The remainder of the first half is taken up with what sounds like a young girl reading an expanded version of the nightmarish Climbing Up The Walls lyric that is creepy beyond belief; revealing insights into the creation of the Karma Police refrain; a Herzog-like short story on the wonders and potential terror of nature read in the Fitter Happier voice; an acoustic No Surprises with alternate lyrics and a stripped-back Talk Show Host with totally different lyrics that feels like the disconsolate sibling of the more adventurous version that saw the light of day. The revelations keep on coming on the second side of the cassette. We’re treated to an early version of Climbing Up The Walls with a brilliantly detached vocal from Yorke over an arrangement that leans much more prominently towards the skeletal beats’n’bass of the trip-hop acts who were making a stir a little further West. There are a series of rough demos and what sounds like soundboard recordings of various sections of Paranoid Android in the first flushes of development (magnificently wigged-out, whirling dervish-style organ solo, come on down!) and a bare-bones take on Airbag, again featuring embryonic lyrics.

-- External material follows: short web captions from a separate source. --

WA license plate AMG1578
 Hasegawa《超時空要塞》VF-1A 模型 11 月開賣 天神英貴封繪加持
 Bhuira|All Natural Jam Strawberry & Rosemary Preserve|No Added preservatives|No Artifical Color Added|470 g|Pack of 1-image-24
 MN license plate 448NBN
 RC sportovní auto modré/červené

There’s another heart-stopping moment for the faithful with a studio demo of Big Ideas, later released on In Rainbows as Nude, a title that may have puzzled listeners – not anymore, as it’s revealed the original chorus was “What do you look like, when you’re nude?” It veers off in unexpected directions as the band look to explore the song – again, the organ takes a pummelling with what’s presumably Jonny Greenwood adding a prog-goes-to-the-fairground feel to one of the instrumental breaks. Though Yorke doesn’t seem to have settled on the final lyrics, he absolutely sings the hell out of what he’s got. As far as insights into the Radiohead creative process come, the most telling thing here might be the least successful. While in its Kid A form, The National Anthem is a pulsing, bass-driven thing that builds to a hysterical, thrilling free-jazz blowout, an early version here reveals that it could very easily have resembled the sort of latterday U2 track chosen to soundtrack Goal Of The Month reels. The lead guitar lines are unsettlingly reminiscent of the sort of thing that snugly denim-clad men who really should know better might “crank out” when trying out a new guitar in an attempt to impress an unfeasibly bored music shop attendant. It’s very un-Radiohead. But halfway through, that lead line eases off, a more unsettling part becomes more prominent, as does the bass, and we see the potential of the song. That Radiohead had the self-awareness to sit on it, rather than go for the drive-time jugular says so much about their intuitive good taste, and the prolonged success it would bring them.